Table 5: Improvements in observational studies

What are some of the improvements that are needed in the observational studies? We need to study refined cohorts. A "refined" cohort is assembled with the same criteria used for admission to a randomized trial of the same comparison. You will find, if you simply use the same admission criteria, that much of the bias of the observational studies will vanish because use of the same admission criteria will exclude from the refined observational cohort some of the people who have either the best or the worst results.
We need to develop improved clinimetric indexes or rating scales for important "soft" data, regarding baseline state and outcomes. And these improvements have to be done by people who are knowledgeable about the subject matter. They will not come simply by preparing 200-item questionnaires and hoping that valuable results will somehow emerge.
We need to develop appropriate prognostic staging systems and we can then avoid or reduce bias by comparing treatments only for patients in similar stages.
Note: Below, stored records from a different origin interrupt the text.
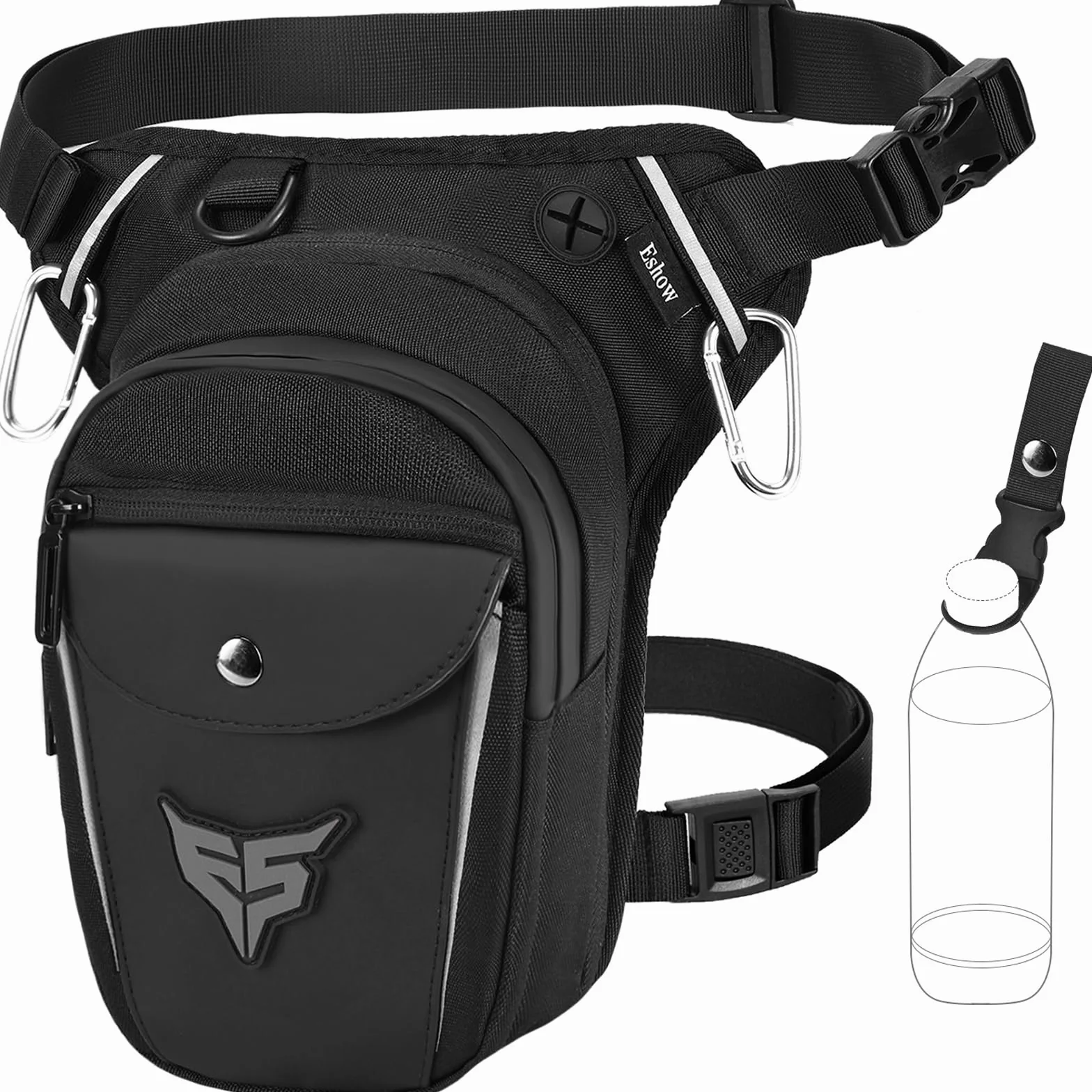 Eshow Pernera Moto Ampliable con Portabotella y Tira Reflectante para Ciclismo Montañismo Senderismo Negro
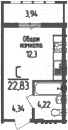 Студия квартира, 20.86 м² в ЖК Кумир — фото 2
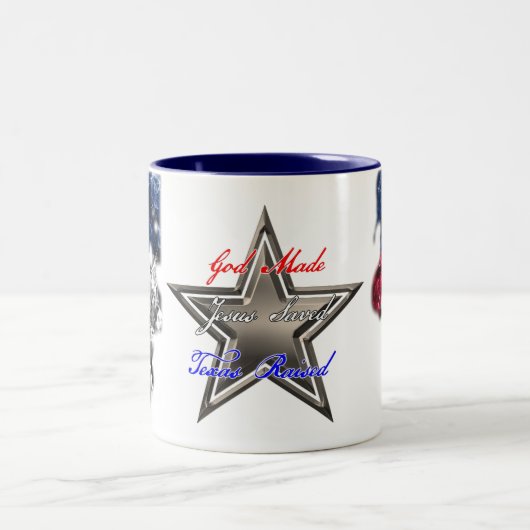 Gott-gemacht Jesus Gerettet Texas-Kaffee-Tasse Zweifarbige Tasse (Mittel)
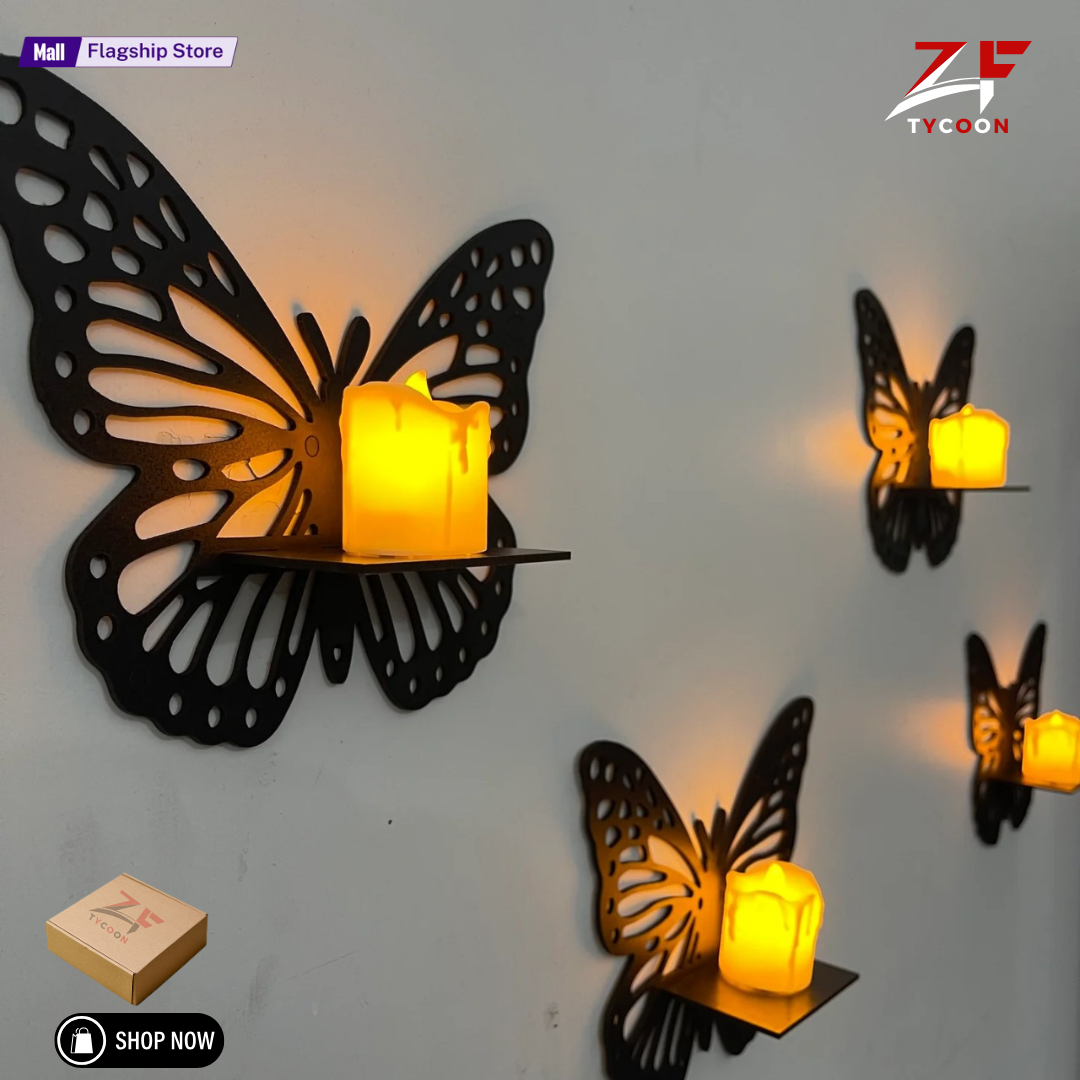ZF Decorative Butterfly Wall Shelf, Decoration Candlestick, Wall Décor Ideas, Wooden Wall Shelves ( Candle Light Not Include )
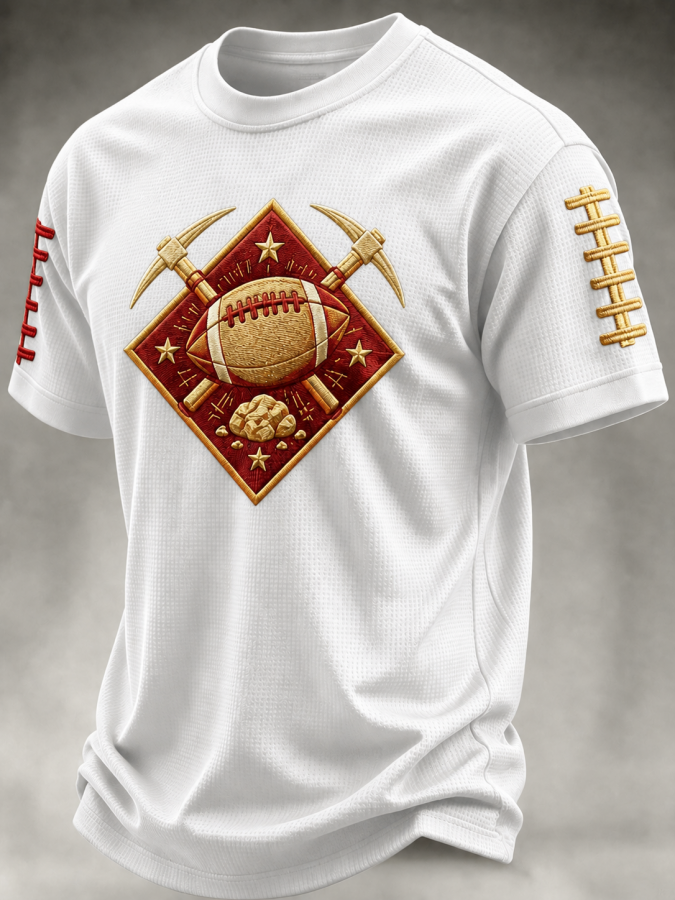 Men'S Football Print Waffle T-Shirt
We can note subsequent changes and reasons for changes in treatment after randomized trials or non-randomized trials. To use intention-to-treat analysis is splendid if you want to ignore everything that goes on after treatment is started. But for most patients and most doctors what happens "after the treatment is started" is a very important thing. And when treatments are changed or stopped or not complied with, there are reasons for that. Those reasons may not have been included in the randomization process. It gave you perhaps equality of groups before treatment was started, but it does not at all explain what has happened afterwards. The reasons for changes in treatment may indicate important but otherwise neglected outcome events or prognostic alterations. For example, I am the person who "discovered" (if that this is the right word) co-morbidity. How did I discover co-morbidity? It has always been there, of course. But I discovered it because I was looking at the charts of patients who should have had surgery and who didn´t! Why didn´t they have surgery? It then became obvious that the inoperability was because of the co-morbidity. If you look at the reasons why things are done, you will discover important variables that are being ignored.
We need to develop better analytic methods to incorporate the entire clinical course and outcomes, not just the state at randomization. And we need to develop better statistical methods, such as what I have called conjunctive consolidation, for doing things like multivariable analysis, instead of using a constant linear model. The linear analyses are wonderful if you want to make a mathematical model feel good, but not if you really want to understand what is going on in the data.